Manchester By The Sea (2016)

https://www.imdb.com/title/tt4034228/

Der einsame und schweigsame Lee Chandler (Casey Affleck), als Handwerker für einen Bostoner Wohnblock zuständig, wird von einer erschütternden Nachricht aus dem Alltag gerissen: Sein Bruder Joe (Kyle Chandler) ist plötzlich gestorben. Nach dem überraschenden Tod soll sich Lee um Joes 16-jährigen Sohn Patrick (Lucas Hedges) kümmern. Dafür zieht er von Boston zurück in seine Heimat, die Hafenstadt Manchester an der amerikanischen Ostküste. Doch muss er dort nicht nur Ersatzvater für einen Teenager sein, ohne so was jemals zuvor gemacht zu haben, sondern trifft auch seine Ex-Frau Randi (Michelle Williams) wieder, mit der er früher chaotisch, aber glücklich zusammenlebte. Die alten Wunden beginnen, erneut zu schmerzen und Lee fängt an, sich zu fragen, was es braucht, mit der Vergangenheit ins Reine zu kommen - und was es braucht, eine gesunde Zukunft zu beginnen...

"Da ist nichts mehr."

Mit Schmerz, Verlust und Trauer geht jeder anders um. Es gibt kein Allheilmittel, maximal erprobte, im Schnitt verhältnismäßig erfolgreiche Methoden der Bewältigung. Nur eines ist gewiss (wenn man nicht selbst dazwischen funkt): Das Leben geht weiter. Es muss. Man rauft sich irgendwie zusammen, ohne den wiederzufinden, der man einst war. Denn den Menschen gibt es nicht mehr, wird es nie wieder geben. Manchmal bedarf es einfach einen weiteren Schicksalsschlag, um wenigstens die Scherben auffegen zu können. Dafür ist es nie zu spät. Wunden verschwinden nicht, aber sie können zumindest zu Narben werden, vernünftig abheilen. 
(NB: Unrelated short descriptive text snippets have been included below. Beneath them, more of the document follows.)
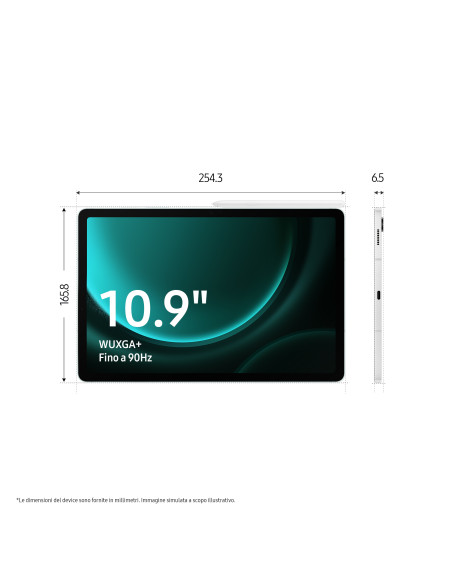 Samsung Galaxy Tab S9 FE Tablet Android 10.9 Pollici TFT LCD PLS Wi-Fi RAM 6 GB 128 GB Tablet Android 13 Gray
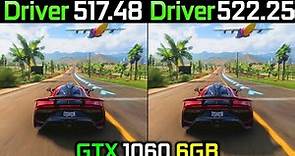 Nvidia Driver 517.48 vs 522.25 | GTX 1060 6GB Gaming Test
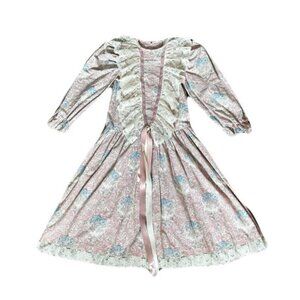 Vintage Girls Dress Flowers & Lace Size 12 Ma Poupree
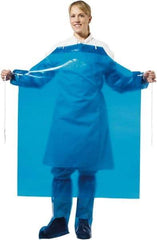 PolyConversions - 35" Wide x 45" Long x 4 mil Thick Chemical Resistant Bib Apron - Polyolefin, Blue, Waterproof, Resists Chemicals, Fats, Oils, Dry Particles, Liquid Splashes - Caliber Tooling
"Manchester By The Sea" ist vermutlich einer der schönsten Filme der letzten Jahre. Obwohl er fast durchgehend einen hundsgemeinen Blues spielt. Ein Film, der das Leben versteht und es dem Zuschauer auf eine unbequeme, aber feinfühlige Art begreifbar macht. Der absolut überragende Casey Affleck , der völlig verdient den Oscar für den besten Hauptdarsteller erhielt (und nebenbei für das beste Drehbuch), mimt einen schicksalsgebeutelten Einzelgänger, der durch eine Unachtsamkeit sein ganzes Leben zerstört hat.In der Rolle als Lee Chandler zeigt beweist er erneut, was für ein begnadeter Schauspieler er ist und lässt einen des Öfteren mit einer Gänsehaut zurück. Regisseur Kenneth Lonergan, der sich auch für das Drehbuch verantwortlich zeichnet, erzählt die Geschichte des gebrochenen Mannes behutsam, nie sensationslüstern oder gar kitschig und ist damit unheimlich nah am Leben dran. Eine Geschichte über Verantwortung. Denn Lee ist nicht mehr willens oder imstande dazu Verantwortung für irgendjemanden zu übernehmen. Nicht mehr zur Liebe und Zuneigung fähig, weil damit erneut Verantwortung genüber jemandem entsteht. Und eben das spielt Casey Affleck so überzeugend. Ein grundguter Kerl, der in einer nach aussen hin emotionslosen Hülle steckt, welche allerdings Zerrissenheit, Selbsthass und Gleichgültigkeit für sich und das Leben behebergt. 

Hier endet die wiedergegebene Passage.